Endlessly innovative, Plunge befits the return of an iconic creative voice

Album Review by Katie Hawthorne | 03 Nov 2017
Album title: Plunge
Artist: Fever Ray
Label: Rabid Records
Release date: 27 Oct

“Listen! I’m looking for a girl who stands 10 feet tall and has teeth like razors; I’m looking for a girl who could play the bored receptionist in the lobby of the afterlife, crossing the river of forgetting every morning and evening and back into the world of the living, where I will wait with flowers and an assortment of adult toys. Could this be you? I’m looking for a girl to affirm my reality, or cancel it. Me: I am beautifully dressed. I am a reflective surface. I am the president. Welcome to my body, my building, the border.”

This paragraph fits roughly in the middle of an astonishing essay that accompanies Plunge, Karin Dreijer’s second solo record as Fever Ray. Over the album’s eleven tracks, Dreijer explores love as a multi-faceted, radical state: vital, physical and sensual, intimate, ferocious and queer. Dreijer’s bodily desires and stickiest fantasies are laid out as a landscape, and one over which she exercises full autonomy: this is her body, these are her boundaries.

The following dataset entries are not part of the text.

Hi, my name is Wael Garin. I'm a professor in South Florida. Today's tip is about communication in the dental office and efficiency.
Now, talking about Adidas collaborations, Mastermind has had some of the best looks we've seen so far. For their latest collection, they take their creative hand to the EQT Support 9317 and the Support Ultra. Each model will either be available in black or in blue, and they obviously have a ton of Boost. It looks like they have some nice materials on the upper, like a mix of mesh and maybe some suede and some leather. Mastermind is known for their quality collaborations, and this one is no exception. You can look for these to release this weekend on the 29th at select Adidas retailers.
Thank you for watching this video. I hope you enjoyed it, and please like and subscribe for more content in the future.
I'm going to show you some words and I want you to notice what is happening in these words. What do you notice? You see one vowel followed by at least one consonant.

Dreijer’s musical career has long been defined by music that’s viscerally and intellectually powerful. As one half of The Knife, with her brother Olof, she spent fifteen years redefining Sweden’s electronic scene. Under her solo moniker, a self-titled debut in 2009 established the sound of her own unique world. Critics almost unanimously described it as glacial, and the record eschewed floor-fillers for a nuanced, introspective sonic universe.

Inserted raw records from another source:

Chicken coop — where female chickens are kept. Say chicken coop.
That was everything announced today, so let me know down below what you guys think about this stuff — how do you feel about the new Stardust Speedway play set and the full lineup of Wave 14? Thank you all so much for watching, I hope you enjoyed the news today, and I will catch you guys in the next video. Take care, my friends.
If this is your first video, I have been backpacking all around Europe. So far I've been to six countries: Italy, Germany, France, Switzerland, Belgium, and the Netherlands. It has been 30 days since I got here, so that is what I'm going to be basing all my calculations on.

Plunge draws on all this and more. But this time the ice has thawed, and we’ve hit boiling point. A true, audacious trip, the album squirms and twists, transforming from one thing to another – but without losing sight of its focus. Joined by six co-producers, mostly new, some long-standing collaborators (Johannes Berglund, for one), on each track Dreijer’s vision takes on new hues, and throws down new surprises. Opener Wanna Sip asks, then asserts: 'Wanna do it? If we do it, it’s my way.'

Tucked in five tracks deep, IDK About You makes you release that, until this point, Plunge has been comparatively tame. Portuguese percussion master NÍDIA brings beats that are rapid and brittle, shamelessly thrilling, and Dreijer skims over them, whipping this party into a frenzy. This Country doubles down with an astonishing anthem that rails against the indignity of a government dictating who, and how, and where we fuck: 'Free abortions! Clean water! Destroy Nuclear!' she yells, 'Every time we fuck we win!'

To the Moon and Back, the record’s first single, is a gleeful, filthy catch-up on Dreijer’s life. 'Hey, remember me? / I’ve been working like crazy!' she gushes, before detailing precisely what kind of personal development she’s referring to: 'Can you imagine? First I take you then you take me / Breathe some life into a fantasy! / I want to run my fingers up your pussy.'

Endlessly innovative – check the skittering, robotic violin on Red Trails, played by Sara Parkman – Plunge befits the return of an iconic creative voice. Dreijer’s politics are written on her body, and she’s asking you to dive in. You won’t need telling twice.